Exercise →
Repeat the records word for word, excluding any picture.

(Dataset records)
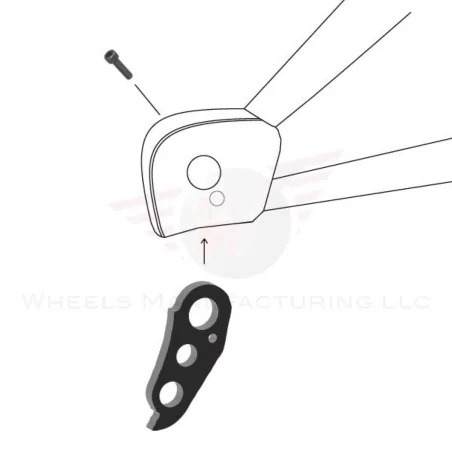 Derailleur hanger mount instructions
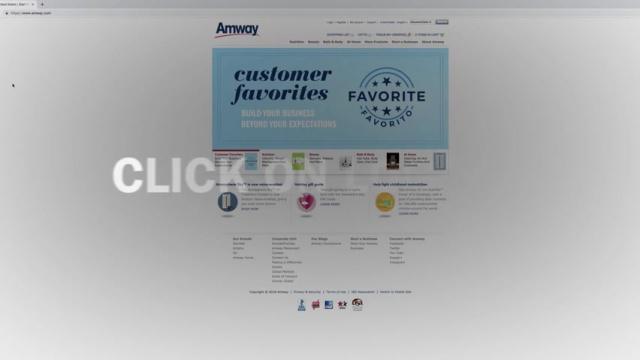 Amway IBO Login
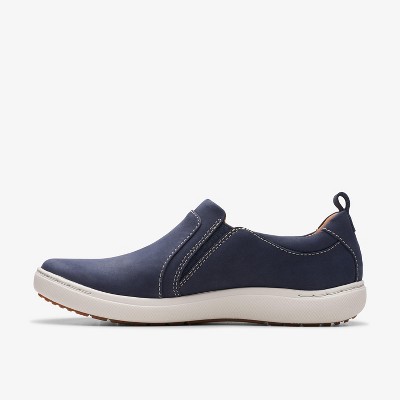 Женские кроссовки Clarks Womens Nalle Lilac Navy Nubuck Sneakers 8 Medium — фото 3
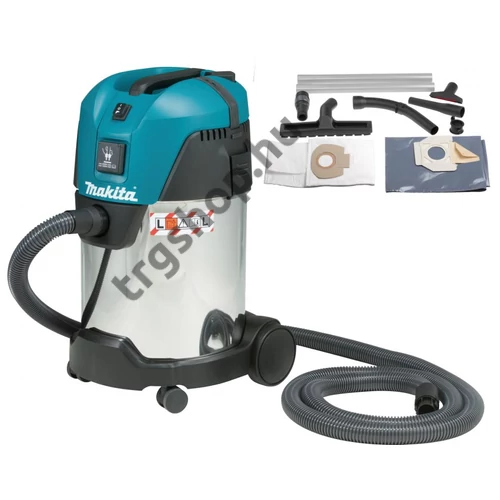 Makita 1000W 21kPa száraz-nedves porszívó 30l L VC3011L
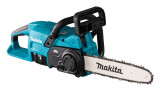 Akumulatora ķēdes zāģis LXT 18V, DUC307Z, 30cm, b/a un lādētāja, MAKITA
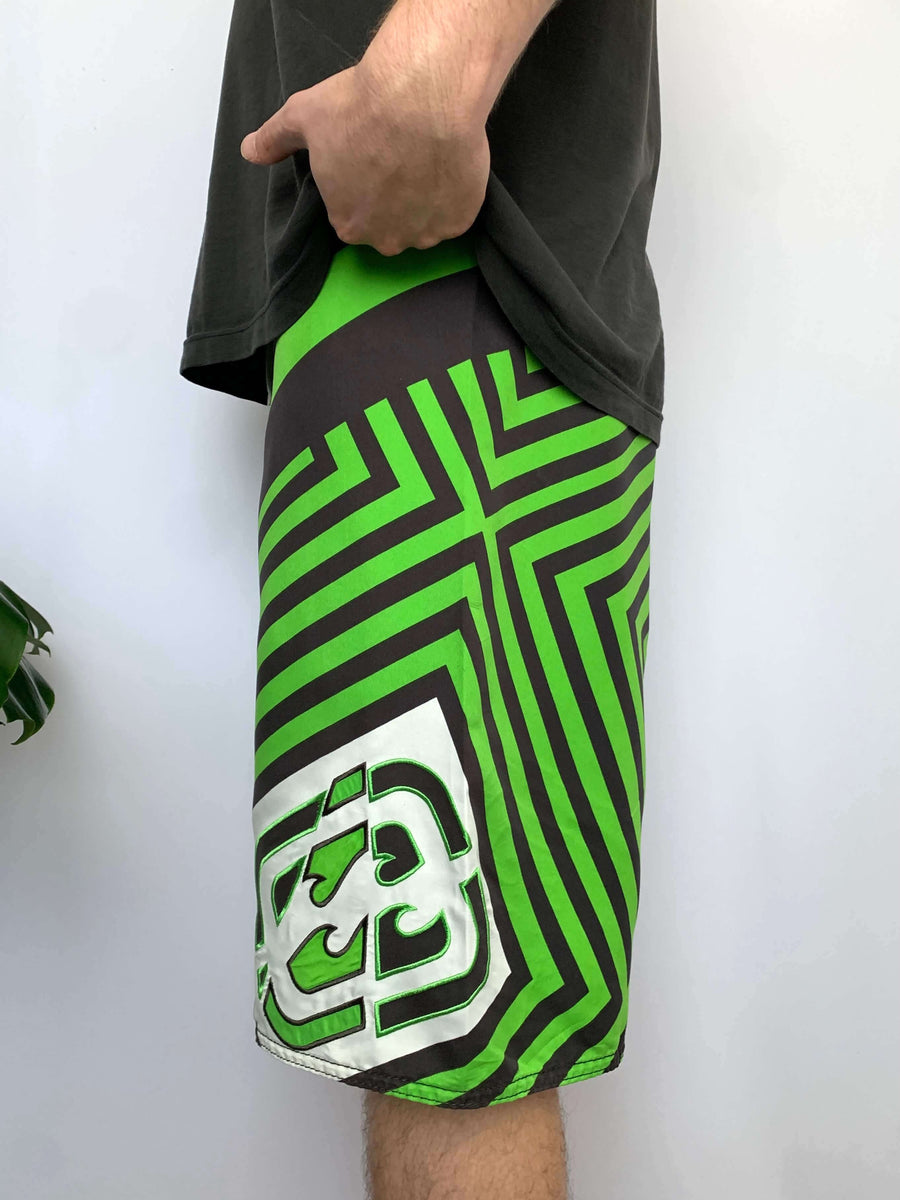 Y2K BILLABONG TAJ BURROW SIGNATURE BOARDIES - W35/36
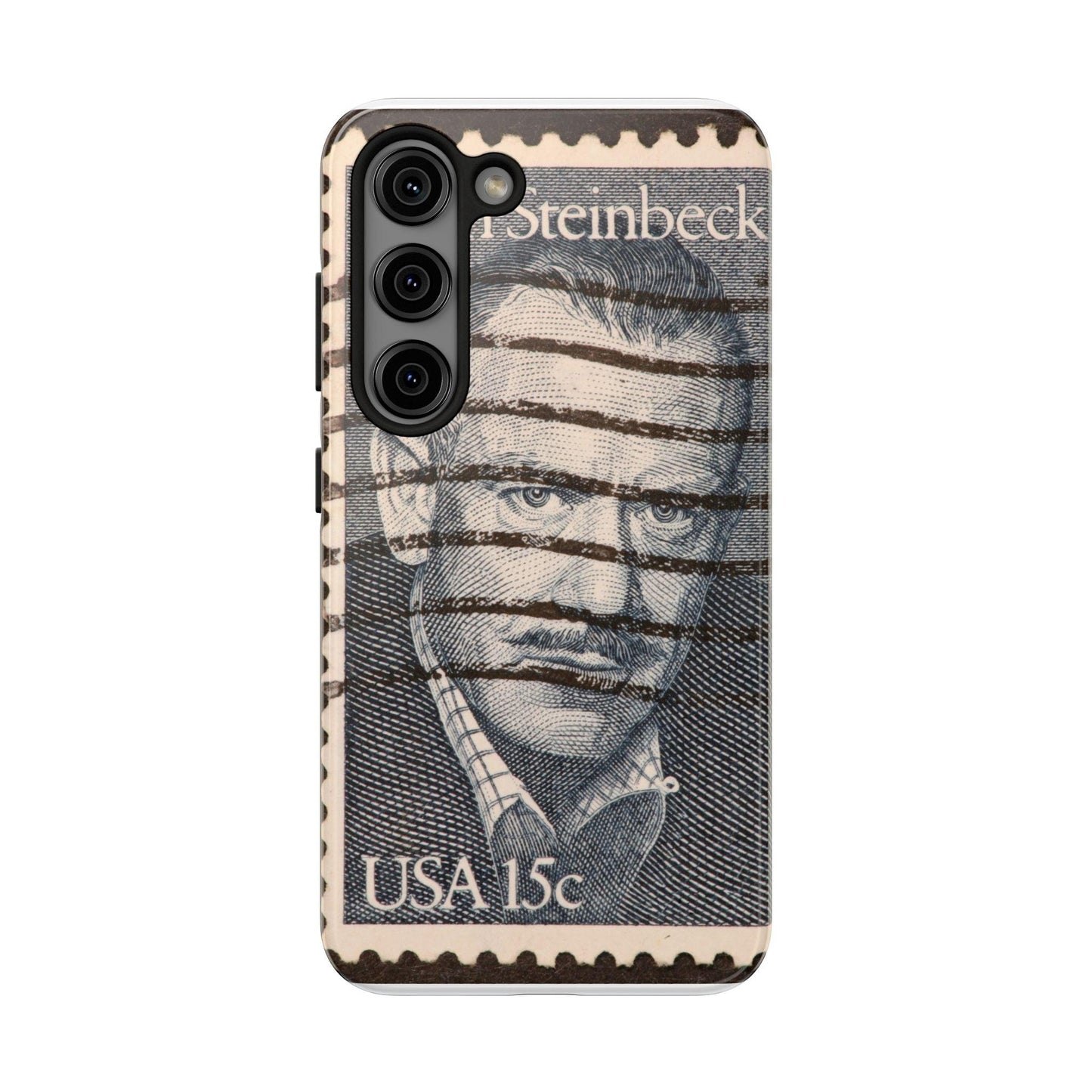 John Steinbeck USA 15c Printed Tough Phone Case for iPhone - Literary Tribute Design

The completed task →
 Derailleur hanger mount instructions
 Amway IBO Login
 Женские кроссовки Clarks Womens Nalle Lilac Navy Nubuck Sneakers 8 Medium — фото 3
 Makita 1000W 21kPa száraz-nedves porszívó 30l L VC3011L
 Akumulatora ķēdes zāģis LXT 18V, DUC307Z, 30cm, b/a un lādētāja, MAKITA
 Y2K BILLABONG TAJ BURROW SIGNATURE BOARDIES - W35/36
 John Steinbeck USA 15c Printed Tough Phone Case for iPhone - Literary Tribute Design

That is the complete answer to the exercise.